Habíamos llegado al coche cuando la tarde se abría paso tímidamente entre la solana. Una nube grande y esponjosa filtraba en aquel momento la claridad cegadora, así que Anouk aprovechó para apoyarse en el exterior del vehículo a hojear una libreta Moleskine. Sacó del interior una fotocopia de la página en cuestión y me la tendió para que leyera.
«Entre él y Picasso se entabla primero una amistad ardiente, que sin duda llegó mucho más lejos. Los dos chicos sancionan su unión con un ritual que se remonta a la noche de los tiempos: el gitano, empuñando el cuchillo del que no se separa nunca, se hace un corte en la muñeca y pide a Pablo que haga lo mismo. Entonces mezclan su sangre en señal de eterna fidelidad. Pero el gitano, que comprende enseguida lo imposible de una relación profunda con un muchacho que no es de su raza, prefiere desaparecer. Una mañana, en la gruta, Pablo ya no lo encuentra a su lado... su lecho de hierbas y hojas está vacío. Se queda estupefacto. Su pena es muy grande. Regresa entonces a Horta con Pallarás.»
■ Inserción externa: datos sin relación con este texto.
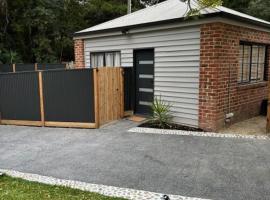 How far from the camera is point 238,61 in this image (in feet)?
26.4

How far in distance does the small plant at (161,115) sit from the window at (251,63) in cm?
227

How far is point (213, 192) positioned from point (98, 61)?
282 inches

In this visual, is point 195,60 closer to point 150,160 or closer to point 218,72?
point 218,72

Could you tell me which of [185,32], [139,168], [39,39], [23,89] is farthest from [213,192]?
[39,39]

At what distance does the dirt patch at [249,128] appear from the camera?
23.9 ft

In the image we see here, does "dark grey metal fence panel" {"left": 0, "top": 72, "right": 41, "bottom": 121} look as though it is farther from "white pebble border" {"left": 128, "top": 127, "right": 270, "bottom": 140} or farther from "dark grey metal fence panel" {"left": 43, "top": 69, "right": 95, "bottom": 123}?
"white pebble border" {"left": 128, "top": 127, "right": 270, "bottom": 140}

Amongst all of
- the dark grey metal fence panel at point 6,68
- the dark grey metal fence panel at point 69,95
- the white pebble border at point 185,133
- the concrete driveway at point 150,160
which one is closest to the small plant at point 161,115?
the white pebble border at point 185,133

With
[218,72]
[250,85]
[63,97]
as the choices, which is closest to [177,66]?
[218,72]

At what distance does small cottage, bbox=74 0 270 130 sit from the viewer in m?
7.17

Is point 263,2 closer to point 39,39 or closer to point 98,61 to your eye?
point 98,61

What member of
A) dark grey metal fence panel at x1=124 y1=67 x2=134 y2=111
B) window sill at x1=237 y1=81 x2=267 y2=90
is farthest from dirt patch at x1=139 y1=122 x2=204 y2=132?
window sill at x1=237 y1=81 x2=267 y2=90

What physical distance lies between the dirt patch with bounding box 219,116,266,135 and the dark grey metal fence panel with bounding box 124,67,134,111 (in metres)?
3.09

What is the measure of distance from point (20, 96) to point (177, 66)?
186 inches

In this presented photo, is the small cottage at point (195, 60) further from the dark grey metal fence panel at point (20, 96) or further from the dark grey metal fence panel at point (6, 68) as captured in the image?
the dark grey metal fence panel at point (6, 68) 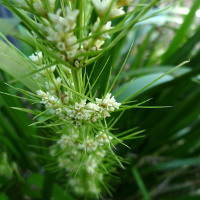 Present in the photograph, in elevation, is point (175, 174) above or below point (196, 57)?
below

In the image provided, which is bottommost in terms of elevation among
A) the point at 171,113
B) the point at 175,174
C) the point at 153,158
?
the point at 175,174

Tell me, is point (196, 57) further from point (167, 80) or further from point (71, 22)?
point (71, 22)

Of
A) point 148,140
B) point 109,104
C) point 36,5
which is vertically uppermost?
point 36,5

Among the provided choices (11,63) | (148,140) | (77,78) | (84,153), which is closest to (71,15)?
(77,78)

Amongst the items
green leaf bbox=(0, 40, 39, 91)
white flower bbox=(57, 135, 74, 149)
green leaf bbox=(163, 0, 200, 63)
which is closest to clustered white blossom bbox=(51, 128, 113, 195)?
white flower bbox=(57, 135, 74, 149)

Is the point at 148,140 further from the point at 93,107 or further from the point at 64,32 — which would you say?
the point at 64,32

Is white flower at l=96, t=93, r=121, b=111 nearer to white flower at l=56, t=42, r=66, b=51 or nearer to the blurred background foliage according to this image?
white flower at l=56, t=42, r=66, b=51

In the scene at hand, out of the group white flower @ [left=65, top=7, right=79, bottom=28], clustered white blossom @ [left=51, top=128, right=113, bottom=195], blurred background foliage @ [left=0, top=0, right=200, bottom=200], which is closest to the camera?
white flower @ [left=65, top=7, right=79, bottom=28]

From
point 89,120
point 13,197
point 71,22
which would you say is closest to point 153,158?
point 13,197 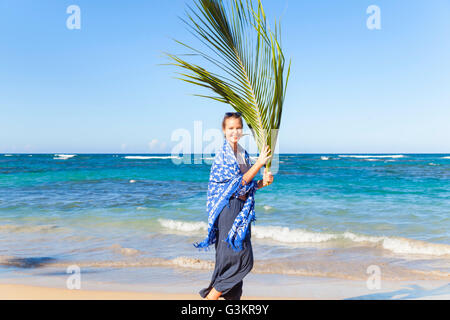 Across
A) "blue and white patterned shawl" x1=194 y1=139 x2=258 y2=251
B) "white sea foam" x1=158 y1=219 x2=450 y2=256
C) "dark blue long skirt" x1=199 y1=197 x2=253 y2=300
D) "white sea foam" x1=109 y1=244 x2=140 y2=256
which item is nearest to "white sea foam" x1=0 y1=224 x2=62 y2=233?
"white sea foam" x1=109 y1=244 x2=140 y2=256

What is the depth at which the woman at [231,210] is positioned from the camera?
9.72 feet

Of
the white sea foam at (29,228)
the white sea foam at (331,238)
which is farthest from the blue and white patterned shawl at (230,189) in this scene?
the white sea foam at (29,228)

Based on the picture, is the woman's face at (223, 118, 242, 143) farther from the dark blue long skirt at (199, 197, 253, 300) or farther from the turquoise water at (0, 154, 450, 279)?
the turquoise water at (0, 154, 450, 279)

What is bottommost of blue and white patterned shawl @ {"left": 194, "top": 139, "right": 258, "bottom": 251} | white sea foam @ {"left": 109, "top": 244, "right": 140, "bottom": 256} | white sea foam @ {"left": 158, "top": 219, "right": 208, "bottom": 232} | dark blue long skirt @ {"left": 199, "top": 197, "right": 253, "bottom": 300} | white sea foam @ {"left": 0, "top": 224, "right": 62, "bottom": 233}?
white sea foam @ {"left": 158, "top": 219, "right": 208, "bottom": 232}

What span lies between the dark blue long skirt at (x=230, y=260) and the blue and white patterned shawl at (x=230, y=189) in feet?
0.17

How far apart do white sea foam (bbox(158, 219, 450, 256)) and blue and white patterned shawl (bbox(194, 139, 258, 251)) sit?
4.54m

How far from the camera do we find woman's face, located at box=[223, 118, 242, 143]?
9.71 feet

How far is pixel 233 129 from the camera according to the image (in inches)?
117

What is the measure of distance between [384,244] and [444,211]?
16.1 ft

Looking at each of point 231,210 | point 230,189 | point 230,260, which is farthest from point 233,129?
point 230,260

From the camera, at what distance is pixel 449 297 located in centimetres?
423

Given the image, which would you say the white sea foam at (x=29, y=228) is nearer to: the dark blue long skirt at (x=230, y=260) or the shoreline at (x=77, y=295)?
the shoreline at (x=77, y=295)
—Según esta misma fuente —comentó ella—, el pintor gitano le visitó años después en el Bateau-Lavoir, el estudio de París donde Picasso inició la época rosa. Françoise Gillot cuenta que el chico dormía desnudo en el suelo de su propia habitación.
—Igual que yo si no encuentro una habitación en la fonda de Horta —añadí al entrar en el coche.
Anouk me miró divertida y dijo para mi sorpresa:
—Cabemos los dos. ¿O te da cosa compartir cama con una embarazada?